» **TASK TO COMPLETE**: The output should match, line for line, the records from the line containing "Decreasing your Buffer" through the line containing "I tried to be", with every picture left out.

Collected data
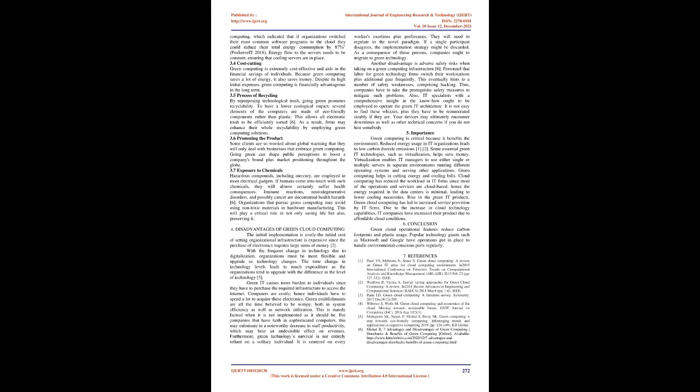3.4 Cost Cutting: Green computing is extremely cost-effective and aids in the financial savings of individuals. Because green computing saves a lot of energy, it also saves money. Despite its high initial expenses, green computing is financially advantageous in the long term. 3.5 Process of Recycling: By repurposing technological trash, going green promotes recyclability. To have a lower ecological impact, several elements of the computers are made of eco-friendly components rather than plastic. This allows all electronic trash to be efficiently sorted. As a result, firms may enhance their whole recyclability by employing green computing solutions.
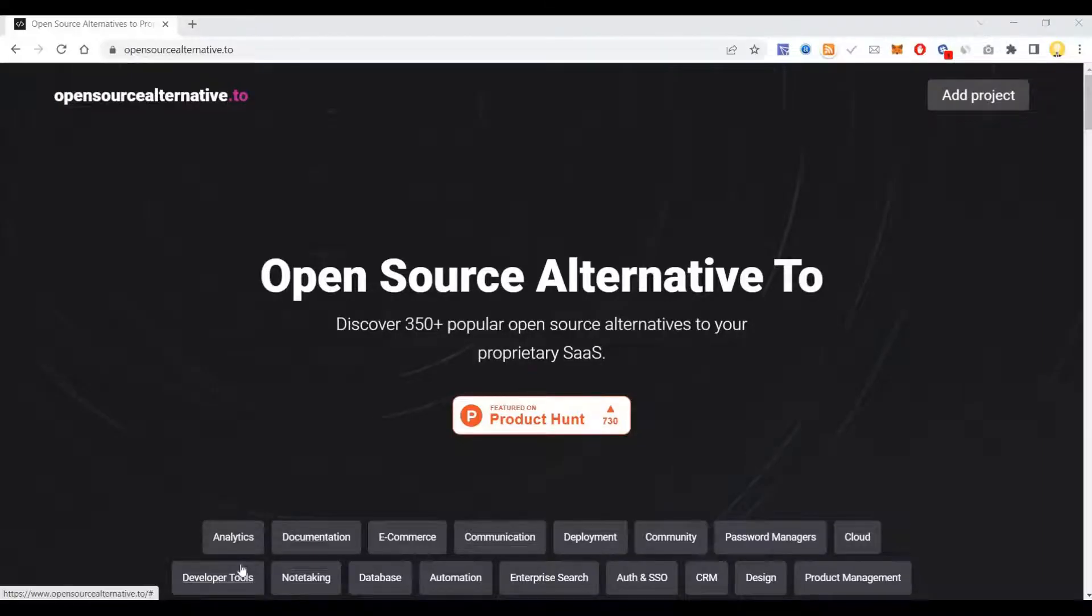Hi everyone, this is Mr. No. Today I will show you a platform called OpenSourceAlternative.to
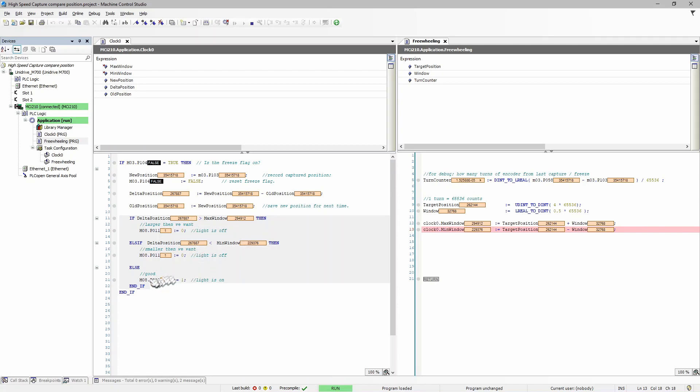Okay, let's try this one last time. You can see it captured the data. It's greater than the max window, and therefore the light's off again.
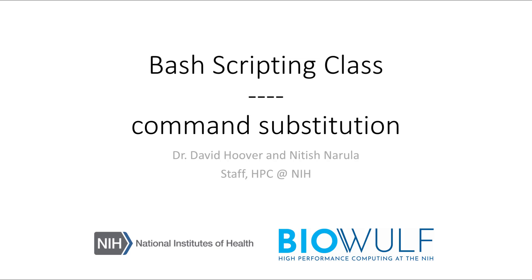Welcome to the BioWolf Bash scripting class. In this section, we will go over another shell expansion called command substitution.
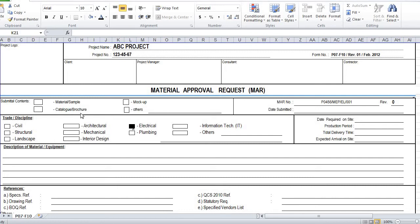The third option is Catalogue/Brochure. When attaching a catalogue you must highlight the specified material, because catalogues cover all models in general and the consultant will not know which one you intend to use. You must highlight the specific model you are going to use before attaching it. The fourth option covers Other documents such as delivery notes, factory test reports, or country of origin certificates — whatever additional documents are required.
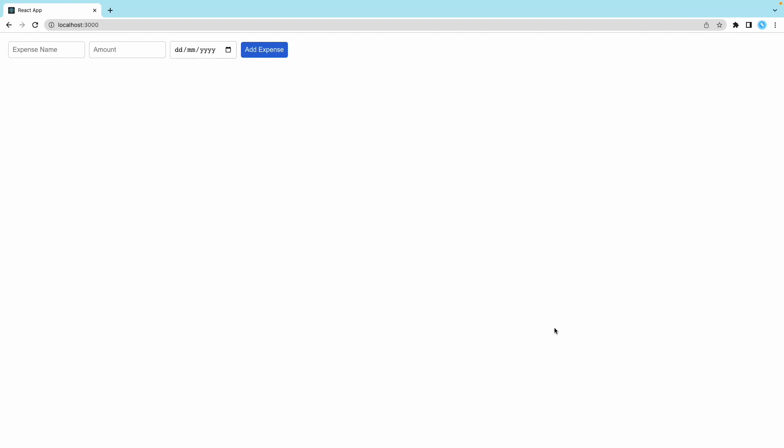Hi guys, today we will look at the code of this application. This is the expense tracker app. Let me demo how this works. First, this is the expense name.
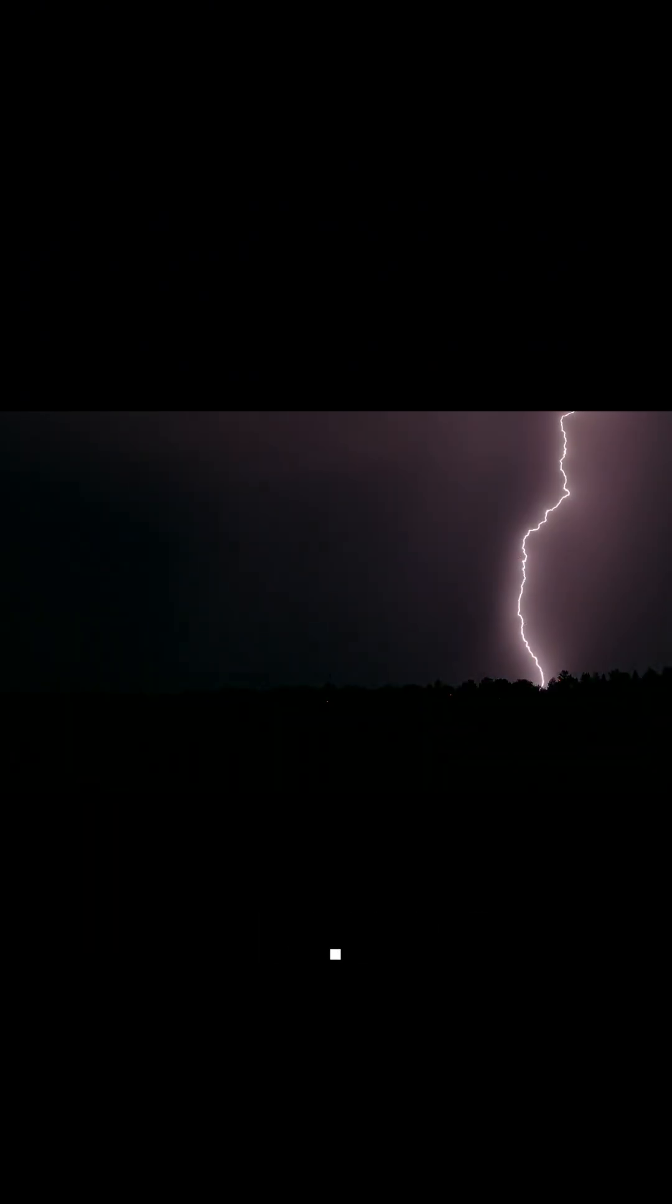Next time you see lightning, remember it's not just a flash in the sky. It's a glimpse of the amazing energy that surrounds us, showing the beauty and strength of our atmosphere.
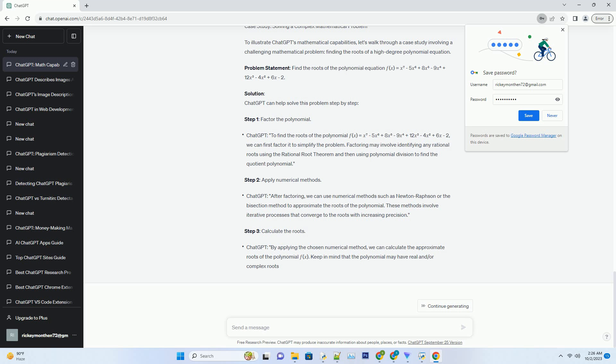Mathematical Proofs and Theorems: For those working on advanced mathematical research or exploring theorems and proofs, ChatGPT can be a valuable collaborator. It can assist in generating mathematical proofs, checking the validity of theorems, and even proposing new conjectures based on existing mathematical knowledge. This capability opens up exciting possibilities for mathematicians and researchers seeking to push the boundaries of mathematical discovery.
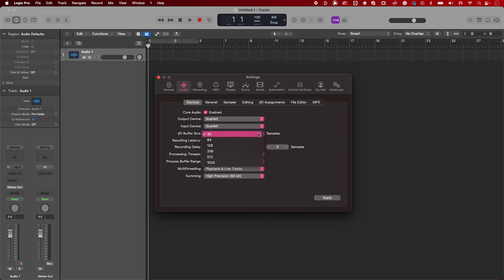Decreasing your Buffer Size down to numbers like 32, 64, and 128 helps reduce latency significantly. Experiment with these numbers to understand what works best with your machine.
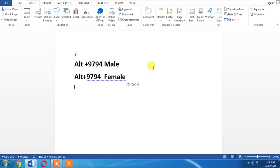For the female symbol, press and hold Alt, then press 9794 from the numeric portion of your keyboard, not from the alphanumeric portion.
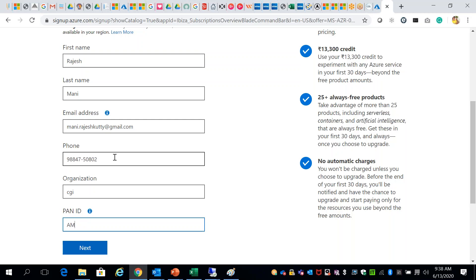Let's create a subscription. Subscription name, billing account, billing profile, invoice selection plan.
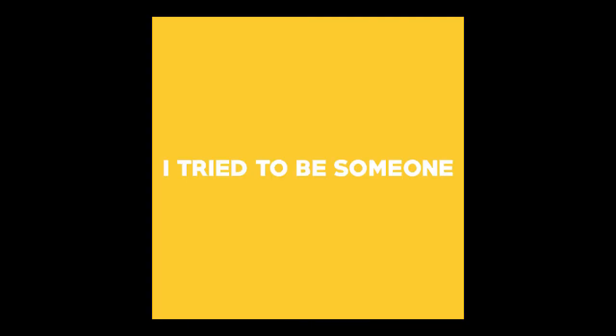I tried to be someone, it's no use. I lost and found my one, it's you. I lost and found my one, it's you.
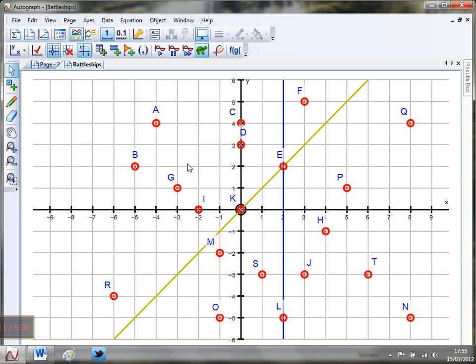So as I say, I've used this to either introduce straight line graphs or to revise it. And that is coordinate battleships, and I'll be back with a fresh video next week. Bye for now.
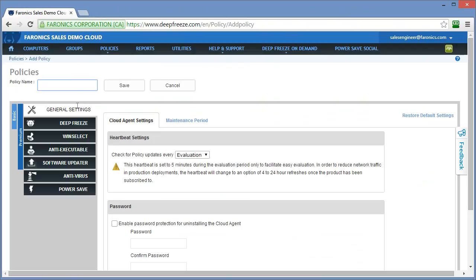The very first group of settings is called general settings, and these settings are specific to the actual cloud agent that facilitates communication between the computers and the cloud platform. The first option is heartbeat settings. Heartbeat settings define the period during which the workstations will check into the cloud platform to determine if there have been any modifications made to the policy that's applied to that computer and then make whatever changes have been made.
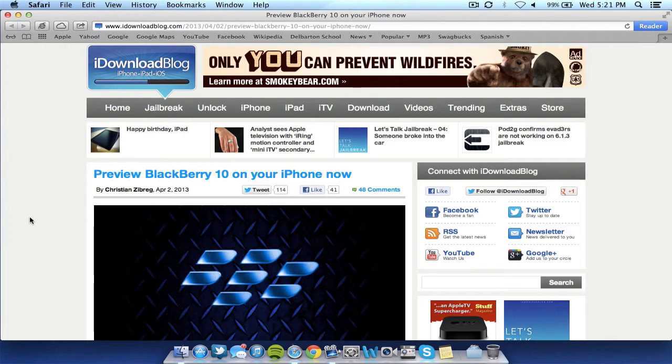But basically you can actually preview BlackBerry 10 on any device now, mainly any mobile device. This is going to be specifically for iPhone but it works on any device with a mobile browser like an Android.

» **TASK ANSWER**:
Decreasing your Buffer Size down to numbers like 32, 64, and 128 helps reduce latency significantly. Experiment with these numbers to understand what works best with your machine.
For the female symbol, press and hold Alt, then press 9794 from the numeric portion of your keyboard, not from the alphanumeric portion.
Let's create a subscription. Subscription name, billing account, billing profile, invoice selection plan.
I tried to be someone, it's no use. I lost and found my one, it's you. I lost and found my one, it's you.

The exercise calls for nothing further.